● **YOUR INSTRUCTIONS**: What is needed is an exact copy of every line from the one containing "Создайте идентификатор и" through the end of the entries; please set it down without any pictures.

[DATA EXTRACT]

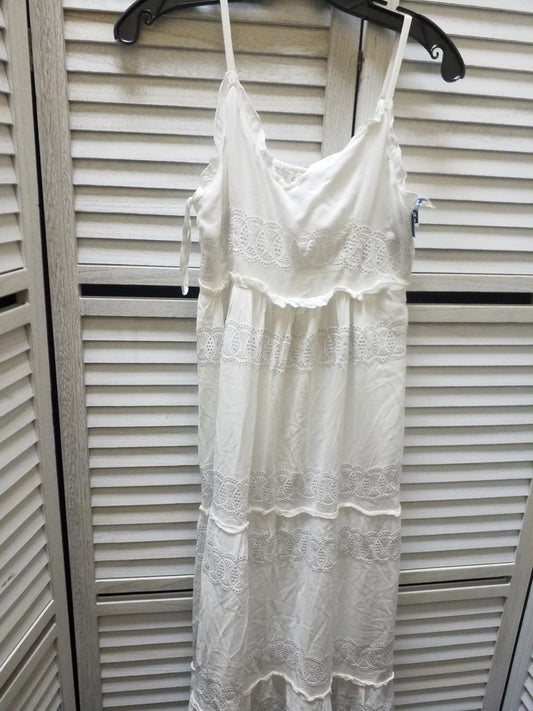 Dress Casual Midi By Jessica Simpson  Size: M
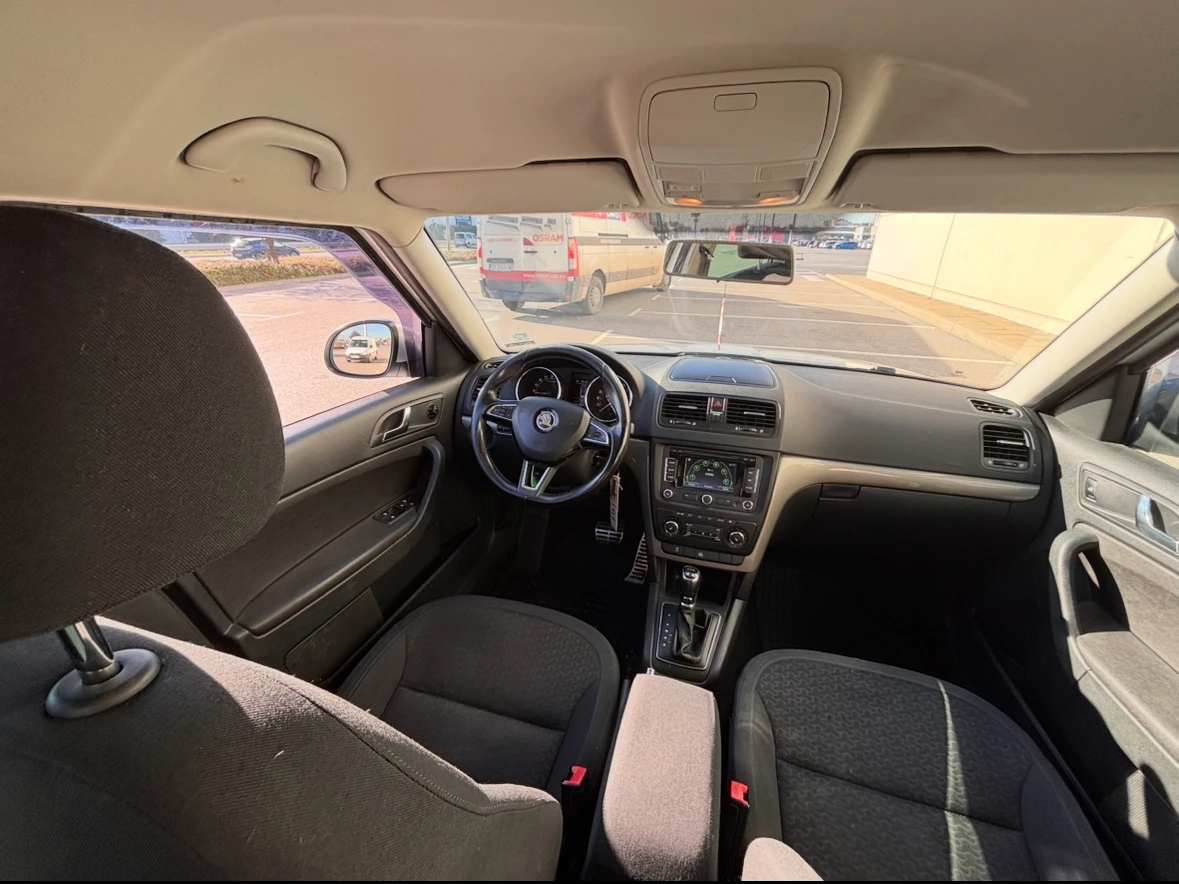 Skoda Yeti, снимка 2 - Автомобили и джипове - 53978935
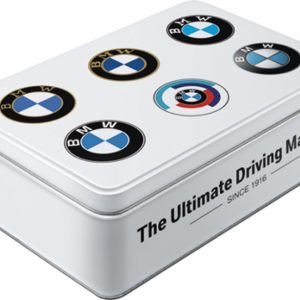 Boks flat BMW Logo Evolution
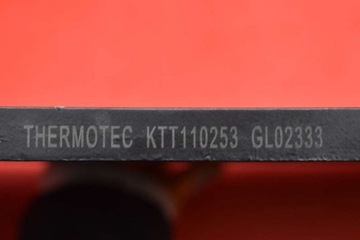 CHLADIČ KLIMATIZACE KTT110253 OPEL VECTRA C 1.8 16V 122 KM 02-05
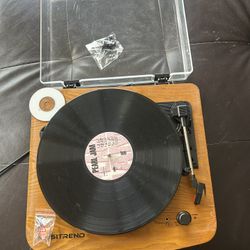 Record Player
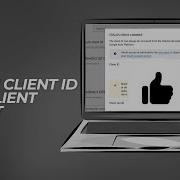 Создайте идентификатор и секрет клиента Google OAuth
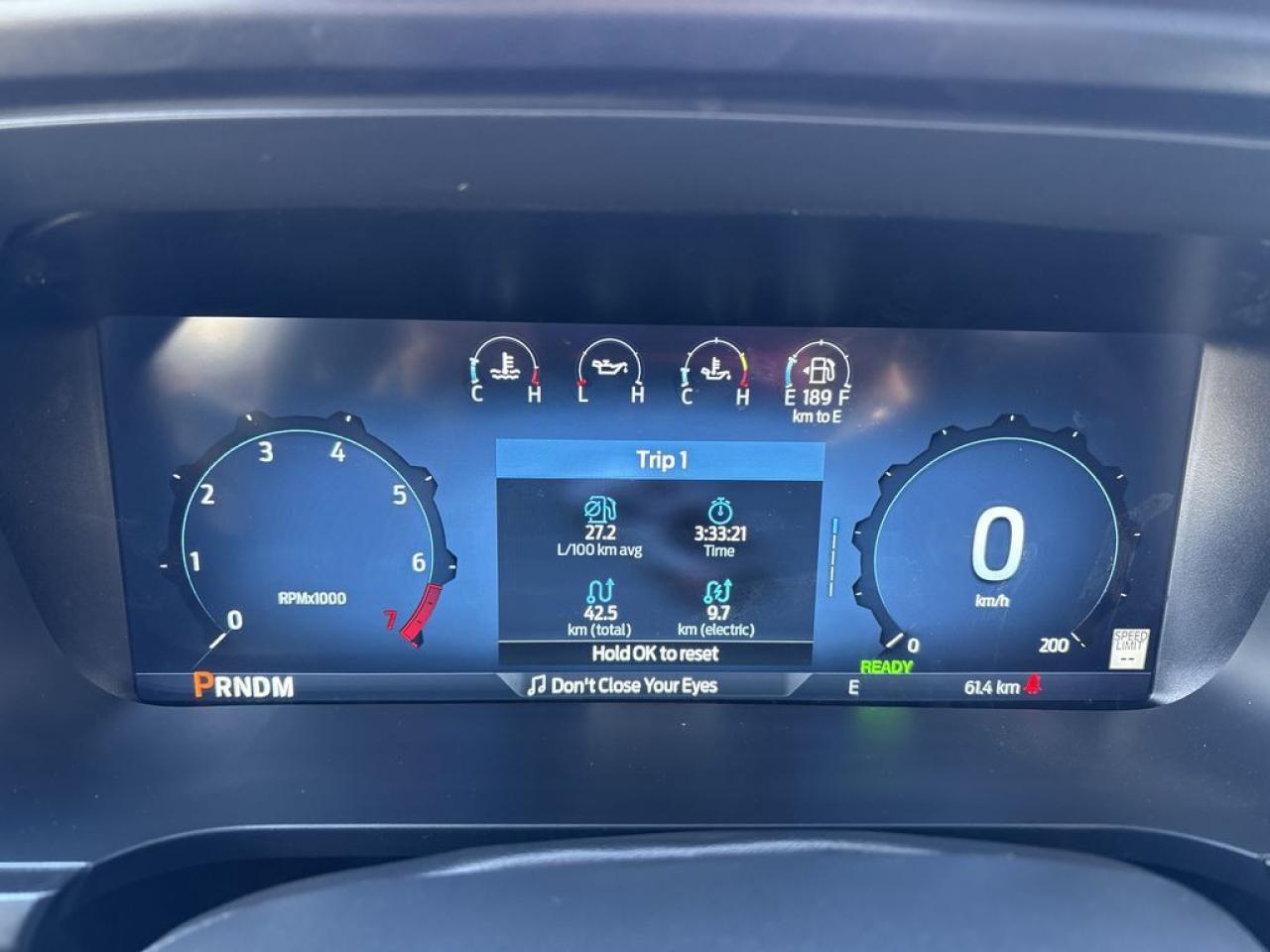 2025 Ford F-150 PLATINUM 5.5' Box 702A Photo5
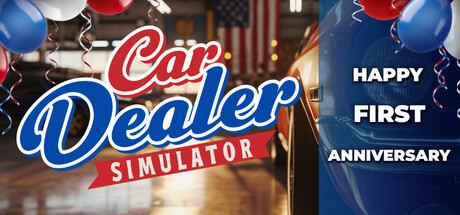 《汽车经销商模拟器/Car Dealer Simulator》免安装中文版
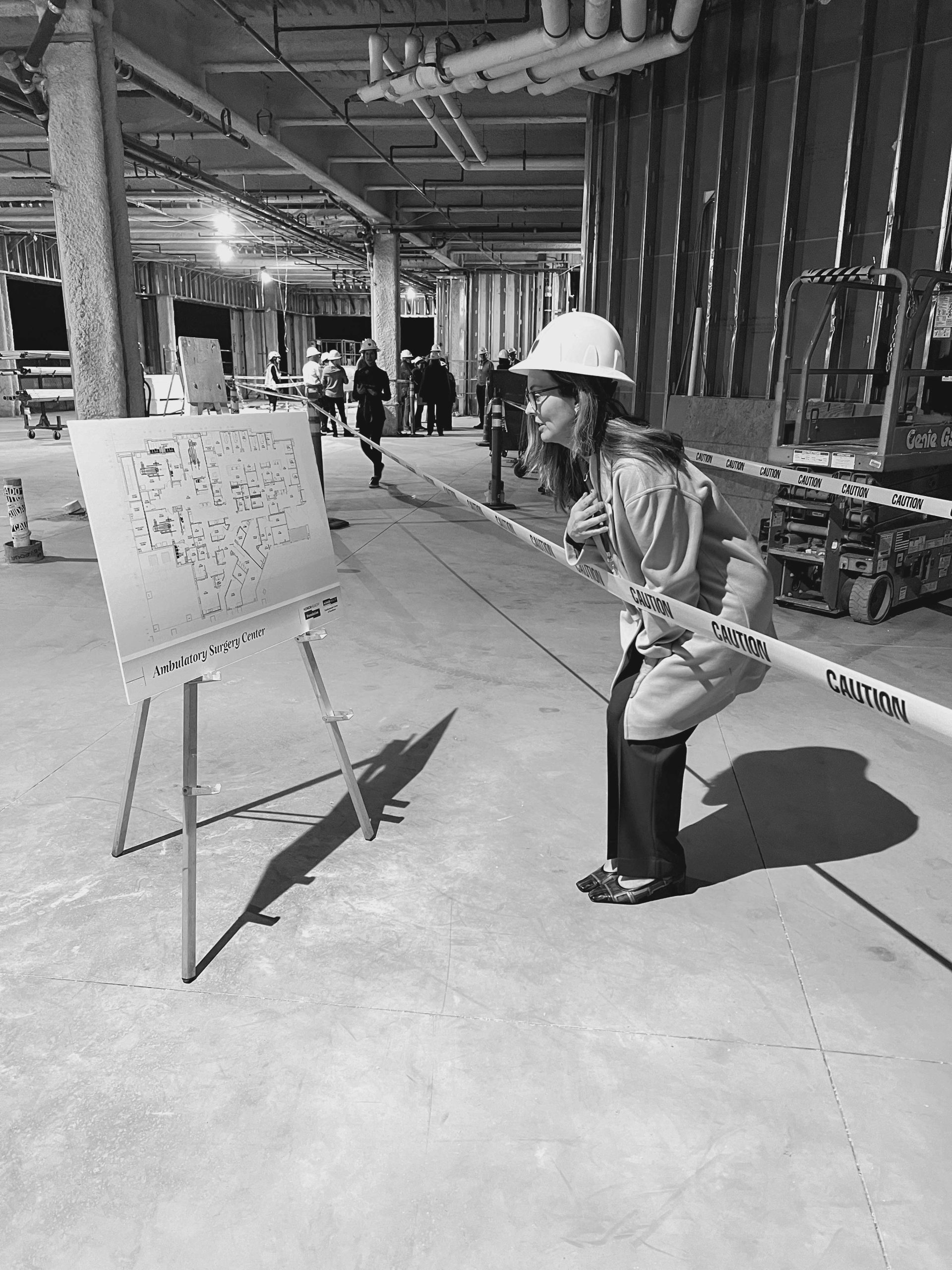 examining site plans examining site plans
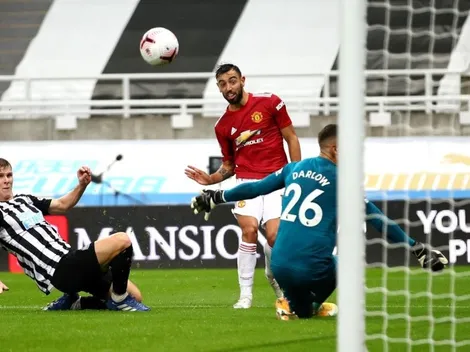 El United sigue persiguiendo el liderato de la Premier League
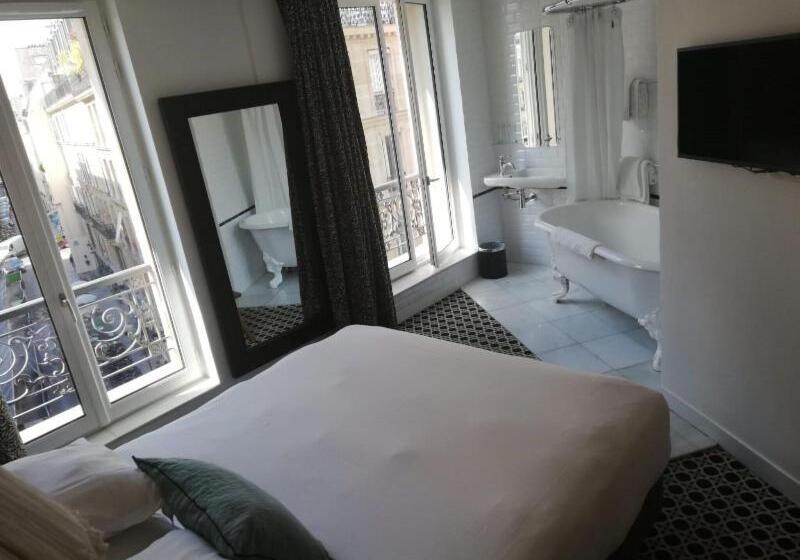 اتاق سوپریور, Hôtel Emile Le Marais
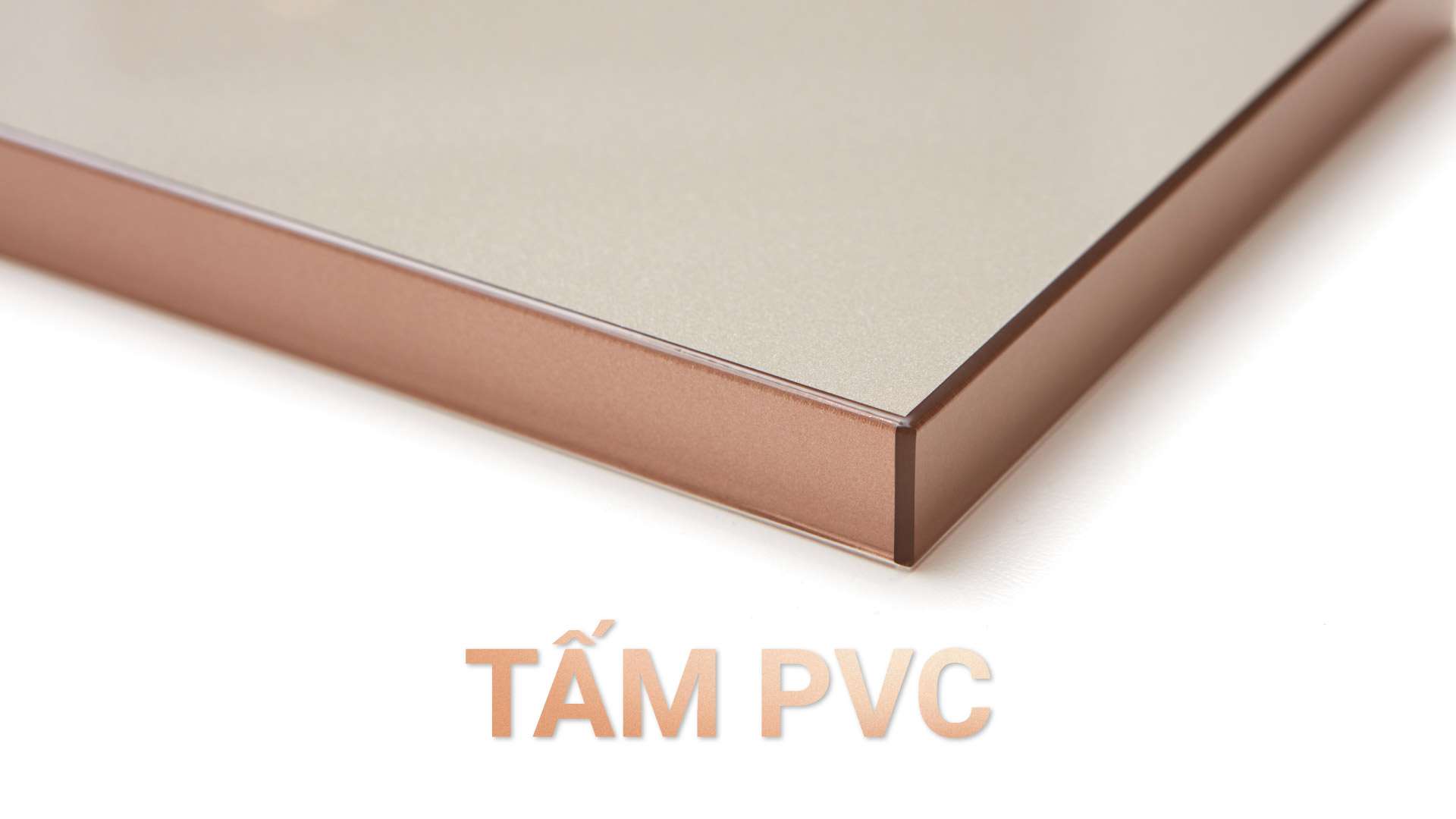 Tấm PVC là gì? Đặc điểm, phân loại và ứng dụng tấm PVC trong nội thất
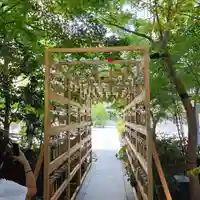 福徳神社(芽吹稲荷)(東京都)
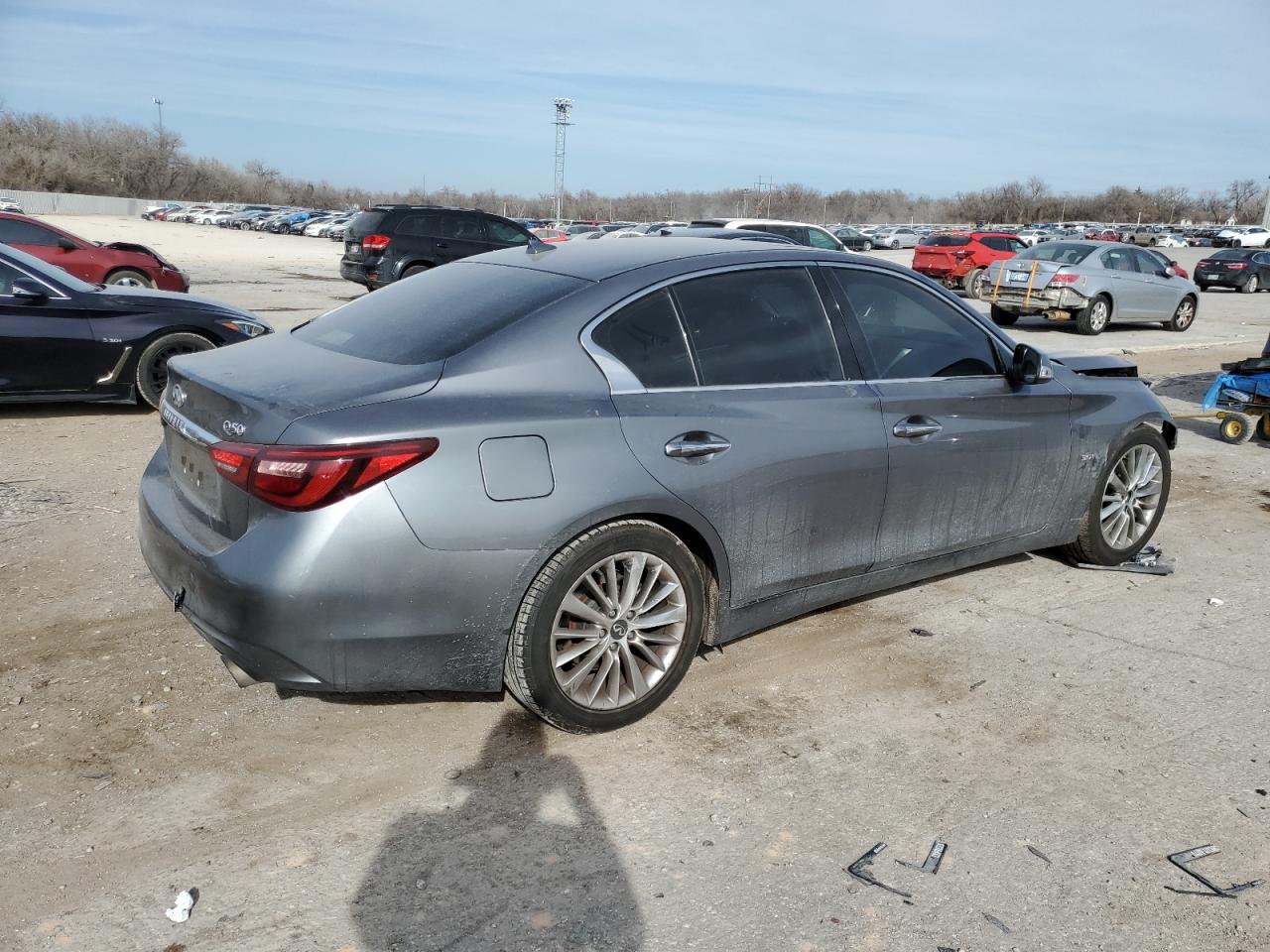 2020 Infiniti Q50 - Image 3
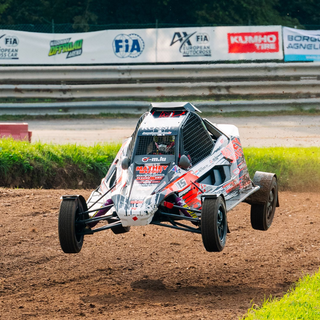 A Maggiora il Campionato Europeo di Autocross
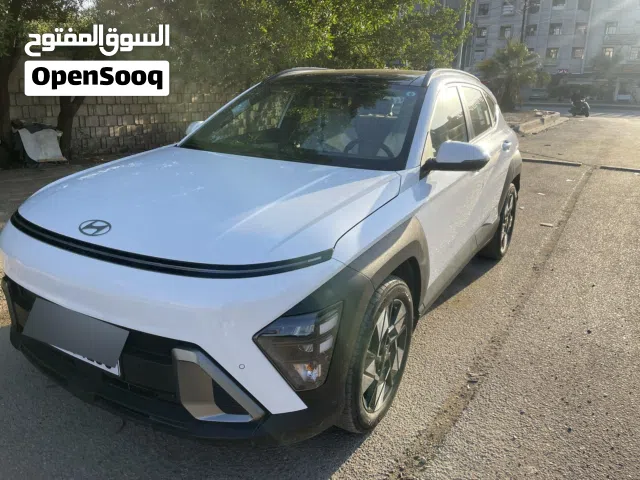 هونداي كونا 2024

[/DATA EXTRACT]

● **TASK ANSWER**:
 Создайте идентификатор и секрет клиента Google OAuth
 2025 Ford F-150 PLATINUM 5.5' Box 702A Photo5
 《汽车经销商模拟器/Car Dealer Simulator》免安装中文版
 examining site plans examining site plans
 El United sigue persiguiendo el liderato de la Premier League
 اتاق سوپریور, Hôtel Emile Le Marais
 Tấm PVC là gì? Đặc điểm, phân loại và ứng dụng tấm PVC trong nội thất
 福徳神社(芽吹稲荷)(東京都)
 2020 Infiniti Q50 - Image 3
 A Maggiora il Campionato Europeo di Autocross
 هونداي كونا 2024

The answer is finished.